Mary Brian is sick of her family's ups and downs, so she considers marrying her regular boyfriend instead of continuing a life onstage. Naturally, her family doesn't support her decision, because it threatens their own decisions. From what I saw, the actors were talking nonstop, as they often did in early talkies, losing their tempers at the drop of a hat, shouting about nothing, and being very theatrical. The only scene of any consequence that I saw was Fredric March's shower scene, because it would never have passed the Hays Code four years later-maybe that's why he was nominated for Best Actor for this movie! He plays a caricature of John Barrymore, and he has many conquests and drunken episodes that make his backstage life even more entertaining than his onstage personas. In one scene, he's entertaining his family with a lengthy gossip story, and during his monologue, he takes off his clothes.
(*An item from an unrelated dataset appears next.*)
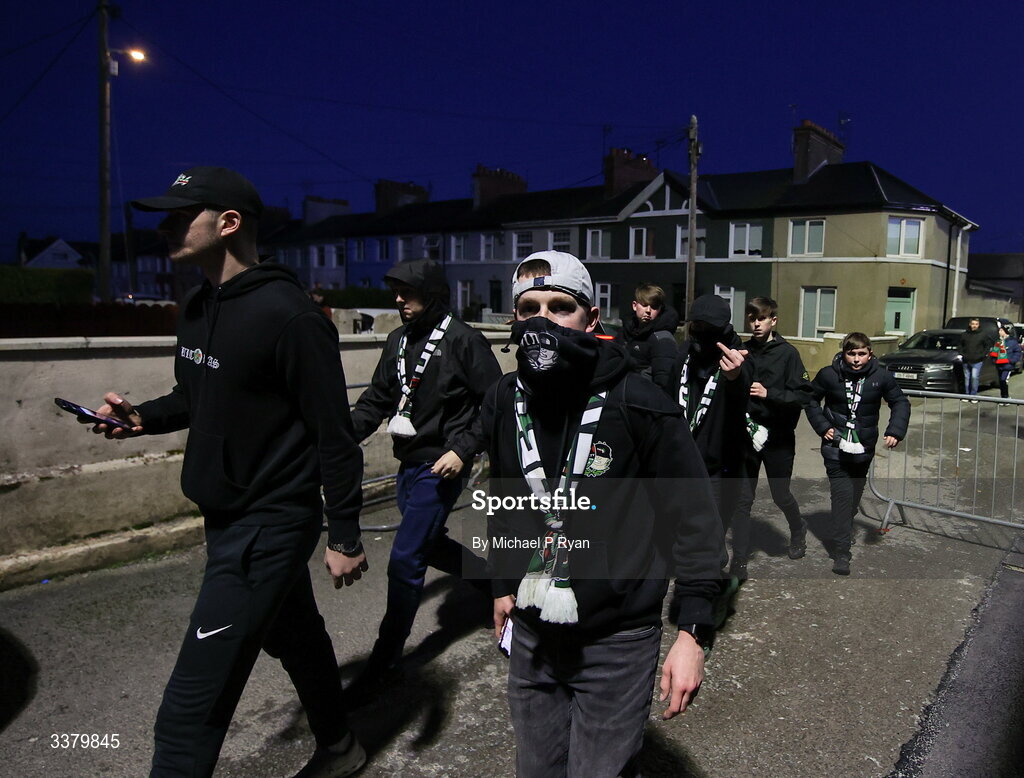 6 March 2026; Cork City supporters make their way to the ground before the SSE Airtricity Men's First Division match between Cobh Ramblers and Cork City at St Colman's Park in Cobh, Cork. Photo by Michael P Ryan/Sportsfile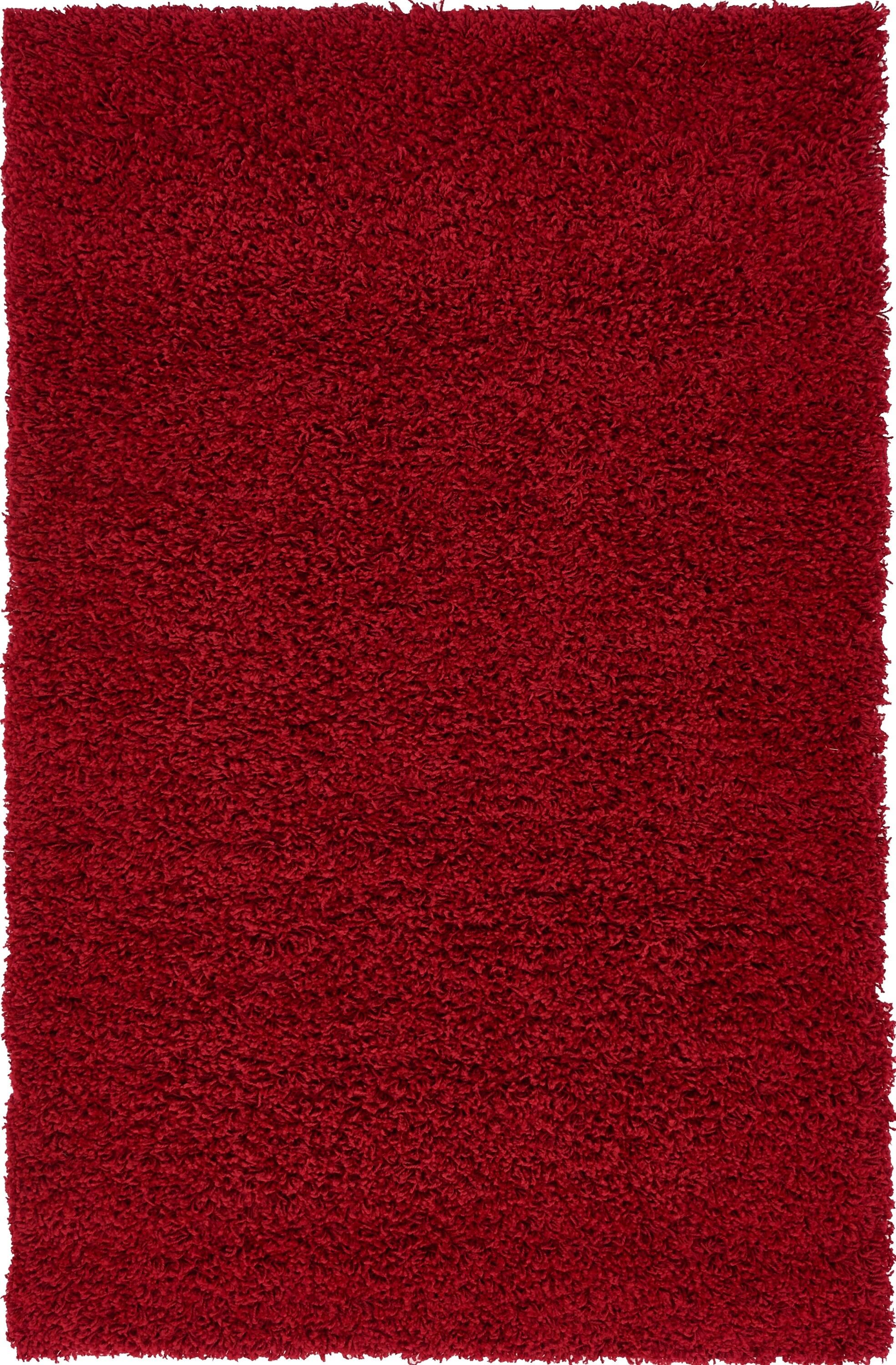 Unique Loom 3' 3 x 5' 3 Solid Shag Cherry Red Area Rug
Clark Gable may have received all the hype about not wearing an undershirt in It Happened One Night, but Fredric March didn't wear one either in 1930. Only when he unbuttons his boxers does he sneak out of view from the camera, but the entire family gathers around the glass shower to continue to listen to his story, and the shower door frequently opens. . .
Besides that, the movie isn't very shocking, or interesting. But if you like loud early talkies like Bombshell, you'll probably really like it. I don't usually like that style.